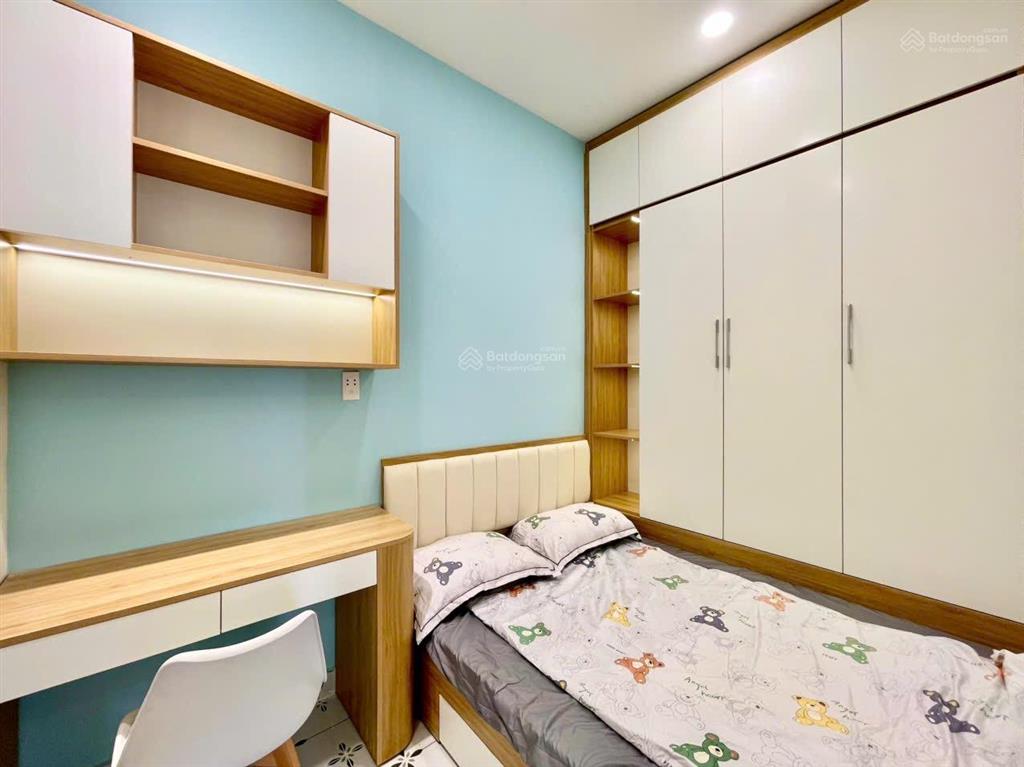 Hẻm 6m nguyễn hồng đào.dt 30m2 2 lầu mới. giá 6.5 tỷ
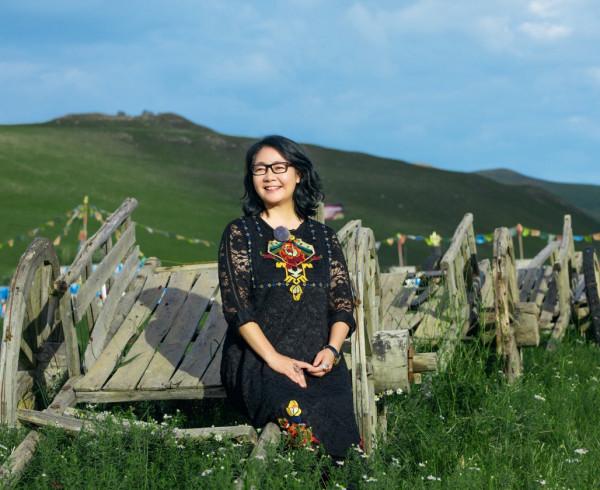 薩日娜：成名前曾在機械廠修鼓風機，嫁“家庭煮男”不後悔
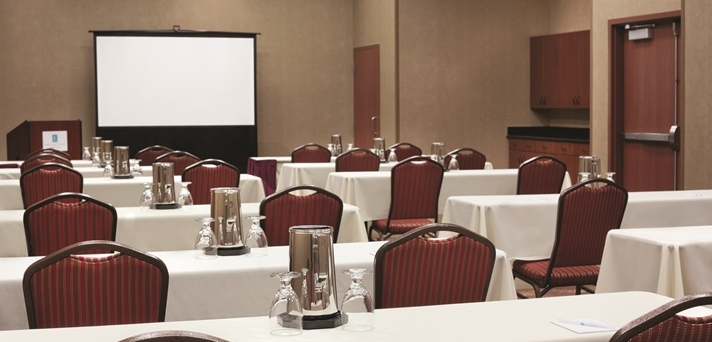 Hotel Embassy Suites Minneapolis - North
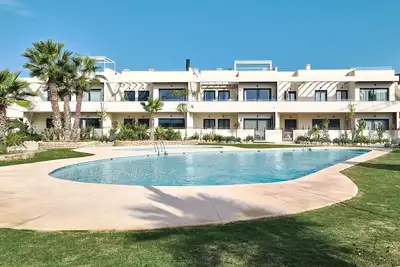 Image de Mediterranean Gardens 36: Top floor with sea views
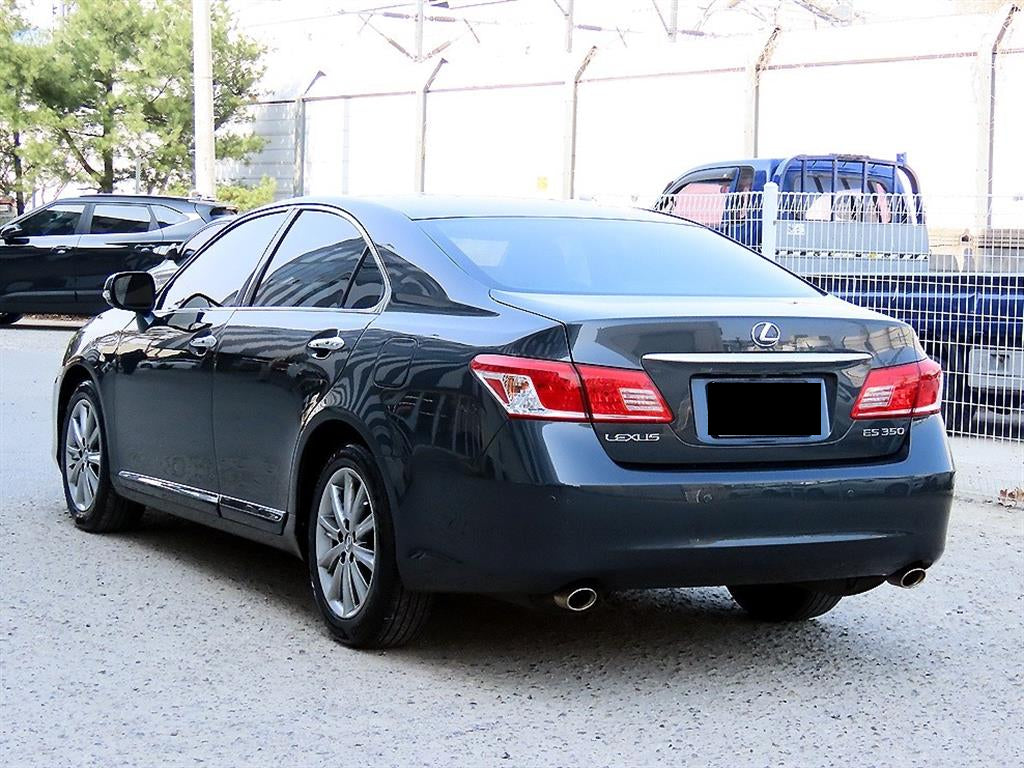 Lexus ES — photo 03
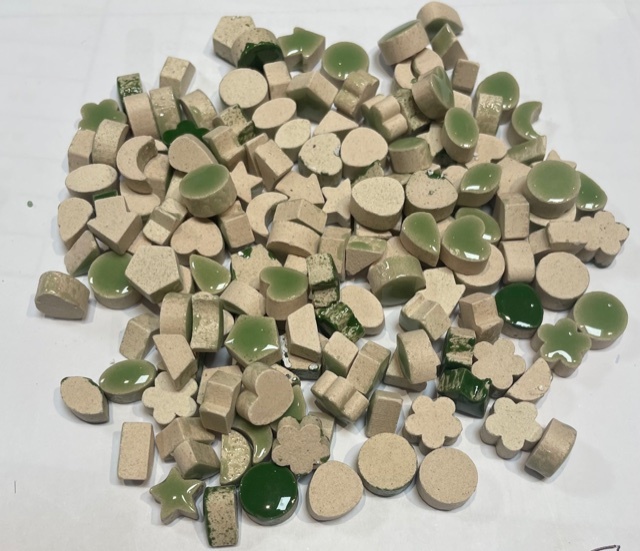 Mix Shapes Vert - 1 x 1 cm, Par 100g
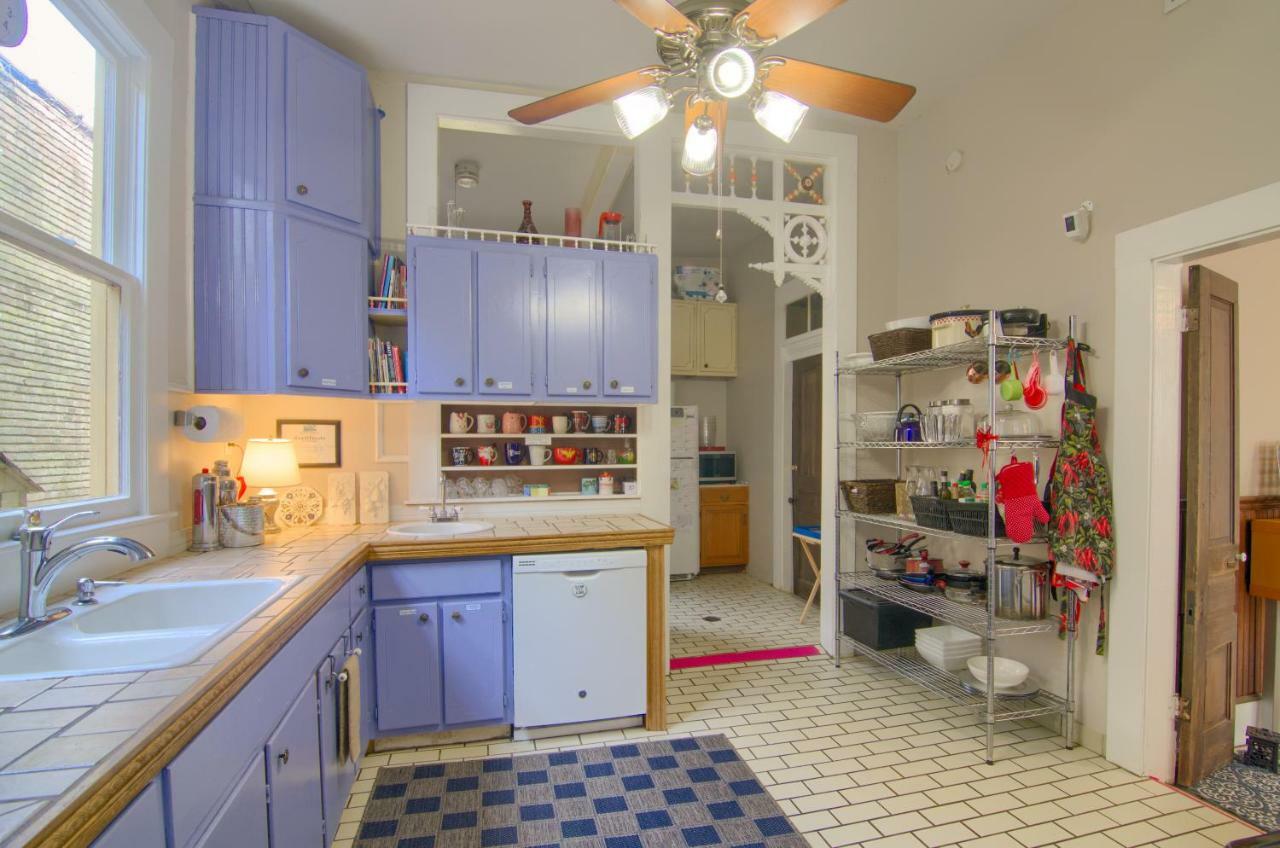 The Mardi Gras House Bed & Breakfast Mobile Eksteriør bilde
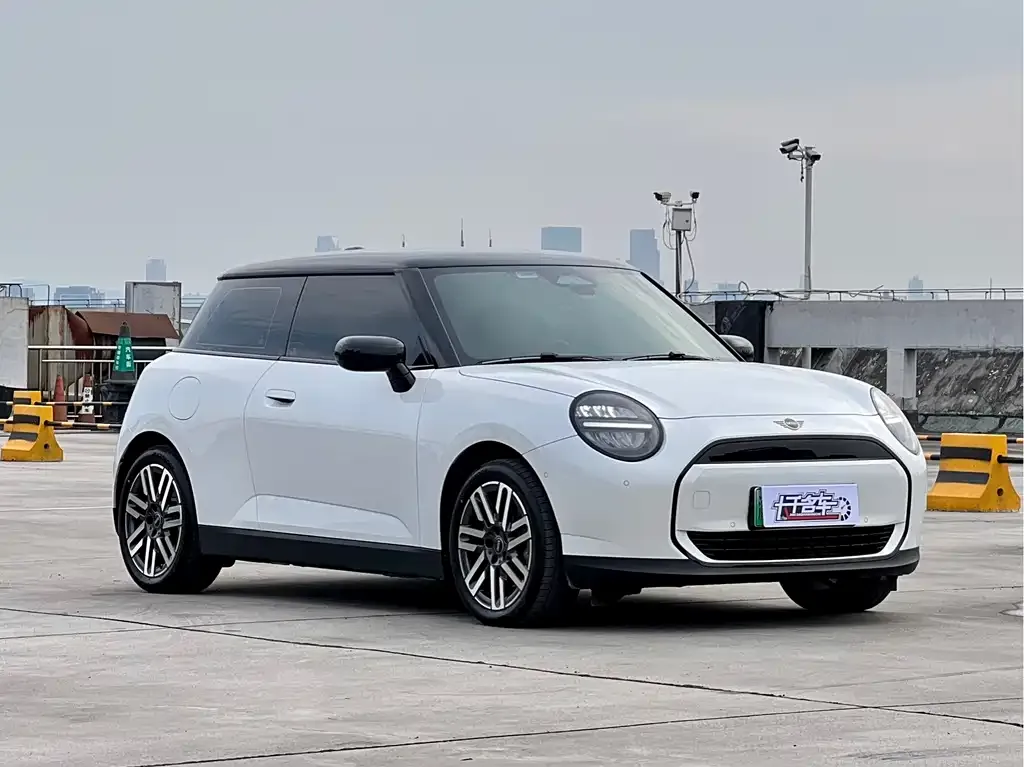 MINI Cooper EV 2025 из CN, фото 2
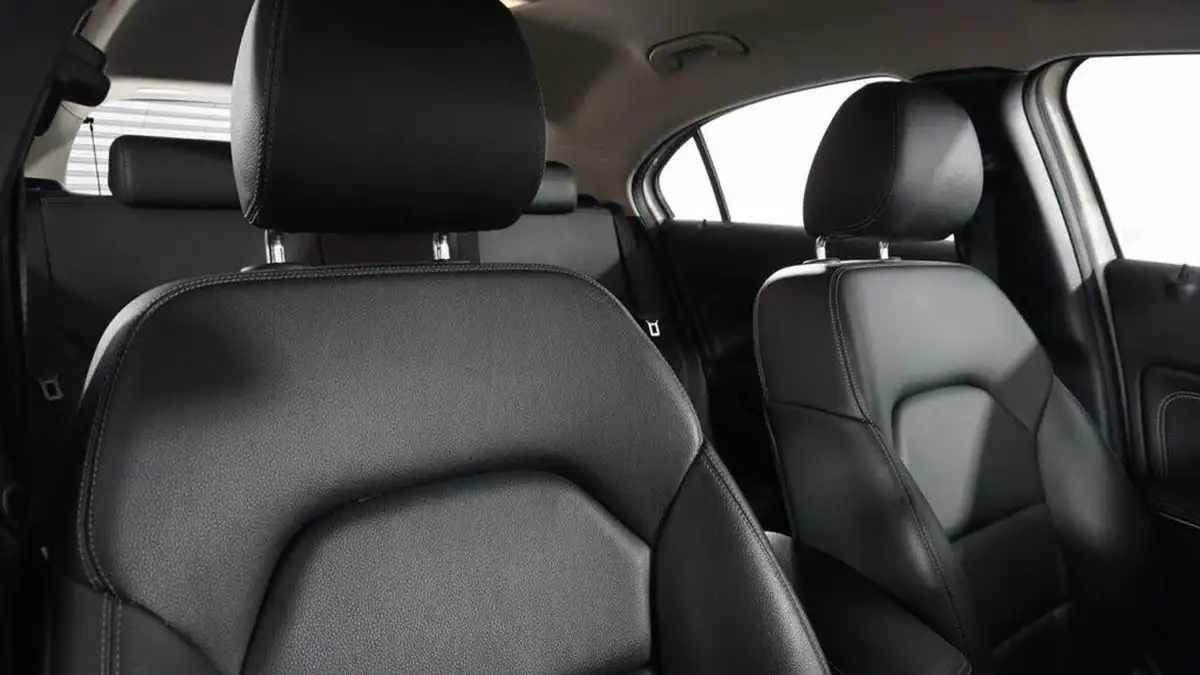 2016-mercedes-benz-a-class-16-a180-se-executivess-big-9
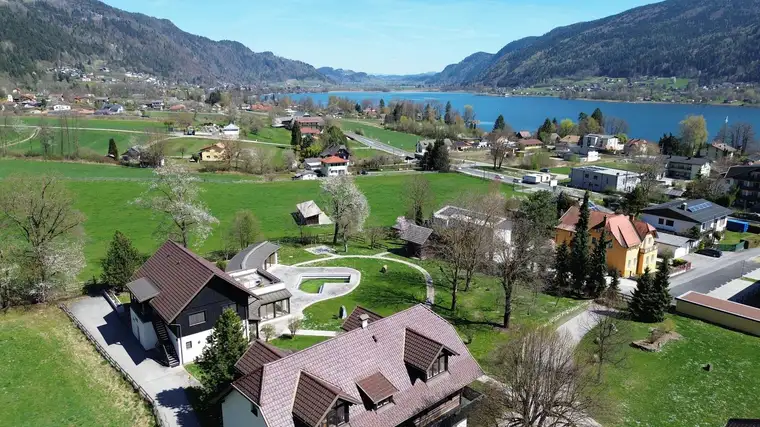 Exklusive Dachgeschosswohnung mit Seeblick &amp; Wellness – Bodensdorf am Ossiacher See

****

### GOAL OF THE EXERCISE
Give back exactly the lines from the one with "MINI Cooper EV 2025 из CN, фото 2" through the end of the records above, inclusive, and omit any pictures.

### RESPONSE
 MINI Cooper EV 2025 из CN, фото 2
 2016-mercedes-benz-a-class-16-a180-se-executivess-big-9
 Exklusive Dachgeschosswohnung mit Seeblick &amp; Wellness – Bodensdorf am Ossiacher See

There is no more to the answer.